I'm using an instanced Amazon EC2 virtual Ubuntu 12.04 server as my single Riak node. I've gone through all the proper stages of setting up Riak on the instance using the guide on the basho website here. Where x.x.x.x
is the private IP address of the instance, this included:
Installation
Using sudo su -
to gain root privileges (EC2 logs me in as 'Ubuntu').
Installing the SSL Lib with:
sudo apt-get install libssl0.9.8
Downloading the 64-bit package for 12.04:
wget http://downloads.basho.com.s3-website-us-east-1.amazonaws.com/riak/CURRENT/ubuntu/precise/riak_1.2.1-1_amd64.deb
Then unpacking via:
sudo dpkg -i riak_1.2.1-1_amd64.deb
As instructed in the basho guide, I updated these two files (using vi):
vm.args
- Changing
-name riak@x.x.x.x
to the private IP of my instance.
app.config
Changing {http, [ {"x.x.x.x", 8098 } ]}
to the private IP of my instance.
Changing {pb_ip, "x.x.x.x"}
to the private IP of my instance.
The Riak node was working fine when I first setup the server and performed the above, I could connect to the node, and using riak start
then riak-admin test
returned successfully with:
>Attempting to restart script through sudo -H -u riak
>Successfully completed 1 read/write cycle to 'riak@x.x.x.x'
The next day I fired up the instance, repeated the above process (ignoring installation) with the instance's new IP address y.y.y.y
(the private IP of the instance changes every time it stops/starts) and typed riak start
into the terminal, only to be greeted with:
>Attempting to restart script through sudo -H -u riak
>Riak failed to start within 15 seconds,
>see the output of 'riak console' for more information.
>If you want to wait longer, set the environment variable
>WAIT_FOR_ERLANG to the number of seconds to wait
In the riak console the error given is:
>gen_server riak_core_capability terminated with reason: no function clause matching orddict:fetch('riak@y.y.y.y', [{'riak@x.x.x.x',[{{riak_core,staged_joins},[true,false]},{{riak_core,vnode_routing},[proxy,...]},...]}])
Where y.y.y.y
is the new instance IP address and x.x.x.x
was the old one.
I've been scratching my head over this for a while now and can't find anything on the topic, the only solution I can think of is to re-install Riak on the off chance my PATH directories have gone wrong.
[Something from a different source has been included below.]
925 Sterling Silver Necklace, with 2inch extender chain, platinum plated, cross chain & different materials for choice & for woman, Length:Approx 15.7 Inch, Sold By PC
If that fails my last resort would be to terminate the instance and reconfigure Riak on a new instance. So before I jump the gun, what I would like to ask is:
After updating the fields in app.config
and vm.args
with the new instance IP address, why is the riak start
command no longer successful?
Is there any way for an Ubuntu EC2 instance to be assigned with a static private IP? Not only would this help solve the problem, but saves me time having to update app.config
and vm.args
every time I start/stop the instance.
So after some more digging around and intense reading, I've found a solution:
You need to remove the Riak ring and start Riak again to reset riak_core.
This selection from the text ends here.